É difícil dar uma recomendação comum sobre se é melhor contar ou manter o processo em segredo, uma vez que há muitos fatores (individuais ou do casal) a considerar. Por um lado, se contar/não contar prejudicará a capacidade dos futuros pais de se legitimarem como pais. Por outro lado, ambos os parceiros deverão estar de acordo com a decisão de contar ou não.

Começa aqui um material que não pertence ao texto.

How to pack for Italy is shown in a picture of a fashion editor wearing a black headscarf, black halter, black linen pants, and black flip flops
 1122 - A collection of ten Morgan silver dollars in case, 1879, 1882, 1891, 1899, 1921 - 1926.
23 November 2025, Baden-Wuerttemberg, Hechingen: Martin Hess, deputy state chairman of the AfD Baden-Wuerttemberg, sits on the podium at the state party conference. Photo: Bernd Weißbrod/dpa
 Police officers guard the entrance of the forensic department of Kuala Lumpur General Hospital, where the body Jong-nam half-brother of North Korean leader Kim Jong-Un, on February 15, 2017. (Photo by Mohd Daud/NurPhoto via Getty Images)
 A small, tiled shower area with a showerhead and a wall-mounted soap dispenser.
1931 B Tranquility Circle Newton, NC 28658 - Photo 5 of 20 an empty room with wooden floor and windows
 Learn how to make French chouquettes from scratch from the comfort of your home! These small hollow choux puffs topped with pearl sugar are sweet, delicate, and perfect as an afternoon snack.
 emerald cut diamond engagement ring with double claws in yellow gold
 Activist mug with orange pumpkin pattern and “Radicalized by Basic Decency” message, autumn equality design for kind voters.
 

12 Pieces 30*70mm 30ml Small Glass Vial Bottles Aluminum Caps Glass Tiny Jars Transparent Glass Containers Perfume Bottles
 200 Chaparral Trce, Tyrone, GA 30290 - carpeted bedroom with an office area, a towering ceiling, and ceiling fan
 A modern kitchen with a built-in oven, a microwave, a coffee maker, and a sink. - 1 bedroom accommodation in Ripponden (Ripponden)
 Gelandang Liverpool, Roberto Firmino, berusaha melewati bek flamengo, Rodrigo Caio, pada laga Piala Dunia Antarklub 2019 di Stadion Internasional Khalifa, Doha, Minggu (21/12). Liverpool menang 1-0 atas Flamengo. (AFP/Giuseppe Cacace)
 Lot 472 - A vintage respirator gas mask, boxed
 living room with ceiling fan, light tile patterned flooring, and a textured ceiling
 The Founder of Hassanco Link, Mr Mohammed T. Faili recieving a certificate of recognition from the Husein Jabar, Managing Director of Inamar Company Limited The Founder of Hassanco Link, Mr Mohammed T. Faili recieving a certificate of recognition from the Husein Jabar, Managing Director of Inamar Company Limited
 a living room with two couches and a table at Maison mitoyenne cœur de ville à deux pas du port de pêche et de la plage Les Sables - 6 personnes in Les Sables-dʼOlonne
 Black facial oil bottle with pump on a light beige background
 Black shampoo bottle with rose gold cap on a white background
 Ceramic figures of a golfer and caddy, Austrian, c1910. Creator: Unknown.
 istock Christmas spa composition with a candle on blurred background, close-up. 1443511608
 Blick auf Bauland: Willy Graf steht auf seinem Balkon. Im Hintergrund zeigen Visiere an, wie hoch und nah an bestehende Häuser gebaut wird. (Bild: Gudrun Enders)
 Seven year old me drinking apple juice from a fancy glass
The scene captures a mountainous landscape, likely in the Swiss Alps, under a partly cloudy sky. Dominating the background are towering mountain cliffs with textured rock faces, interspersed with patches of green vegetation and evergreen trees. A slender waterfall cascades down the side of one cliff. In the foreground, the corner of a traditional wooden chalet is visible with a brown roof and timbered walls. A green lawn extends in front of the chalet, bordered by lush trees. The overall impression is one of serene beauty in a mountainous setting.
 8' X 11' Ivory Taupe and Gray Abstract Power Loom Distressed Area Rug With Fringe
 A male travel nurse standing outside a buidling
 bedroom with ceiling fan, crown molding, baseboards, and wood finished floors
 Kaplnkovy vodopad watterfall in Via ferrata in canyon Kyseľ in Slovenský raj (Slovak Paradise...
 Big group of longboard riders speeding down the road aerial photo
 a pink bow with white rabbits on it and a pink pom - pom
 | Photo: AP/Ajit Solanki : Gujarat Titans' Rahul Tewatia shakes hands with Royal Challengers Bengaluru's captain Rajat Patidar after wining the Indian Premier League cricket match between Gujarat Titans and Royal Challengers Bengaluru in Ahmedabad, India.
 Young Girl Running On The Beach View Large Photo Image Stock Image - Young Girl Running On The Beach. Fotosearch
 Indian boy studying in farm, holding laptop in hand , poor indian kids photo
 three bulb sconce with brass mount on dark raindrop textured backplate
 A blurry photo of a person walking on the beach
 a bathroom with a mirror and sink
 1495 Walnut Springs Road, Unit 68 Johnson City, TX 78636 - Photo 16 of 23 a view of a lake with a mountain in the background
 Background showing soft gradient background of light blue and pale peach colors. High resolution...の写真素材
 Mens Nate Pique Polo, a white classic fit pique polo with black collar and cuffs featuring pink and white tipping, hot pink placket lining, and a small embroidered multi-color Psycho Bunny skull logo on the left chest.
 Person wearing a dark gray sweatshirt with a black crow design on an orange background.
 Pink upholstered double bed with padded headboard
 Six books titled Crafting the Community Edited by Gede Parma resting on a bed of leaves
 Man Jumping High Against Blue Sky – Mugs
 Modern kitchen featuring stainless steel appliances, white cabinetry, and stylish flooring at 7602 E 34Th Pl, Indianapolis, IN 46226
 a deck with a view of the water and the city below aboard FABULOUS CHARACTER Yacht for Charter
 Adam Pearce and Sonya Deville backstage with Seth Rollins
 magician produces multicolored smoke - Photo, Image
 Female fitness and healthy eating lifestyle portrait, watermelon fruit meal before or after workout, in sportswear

Isto significa que é fundamental sermos coerentes, já que se dissermos às pessoas à nossa volta que estamos a participar neste processo, também temos de dizer ao nosso filho. No futuro, existe a possibilidade de ele descobrir ou suspeitar (o que será muito pior). Por este motivo, a primeira coisa que devemos fazer é decidir, individualmente e em conjunto, se queremos que o nosso filho saiba esta informação. Após esta tomada de decisão, devemos decidir o que fazer com quem está ao nosso redor. Se queremos que o nosso filho saiba a verdade no futuro, podemos então decidir se contamos ou não aos nossos entes queridos, tendo em conta a quem e quando. Lembre-se de preservar o seu bem-estar e conforto emocional durante todo o processo.

No futuro, devo explicar ao meu filho que não é portador dos meus genes? Quando e como o devo fazer?

A lei em Portugal permite aos pais decidir se devem ou não revelar o método de reprodução assistida que utilizaram para conceber o seu filho. Não existe uma resposta certa ou errada, uma vez que se trata de uma escolha pessoal. No entanto, é fundamental manter a decisão depois de esta ter sido tomada. Se optarem por não contar ao filho, é importante manterem essa escolha e não a revelarem mais tarde, pois pode ser traumático. Se decidirem revelar, sugere-se que o façam entre os 3 e os 8 anos de idade, evitando esperar pela adolescência. O desenvolvimento mental da criança deve ser tido em conta e é provável que continuem a surgir questões ao longo dos anos. Além disso, a revelação deve sublinhar o desejo de ser pai ou mãe e a necessidade de ajuda para o conseguir, sem revelar a identidade dos pais biológicos.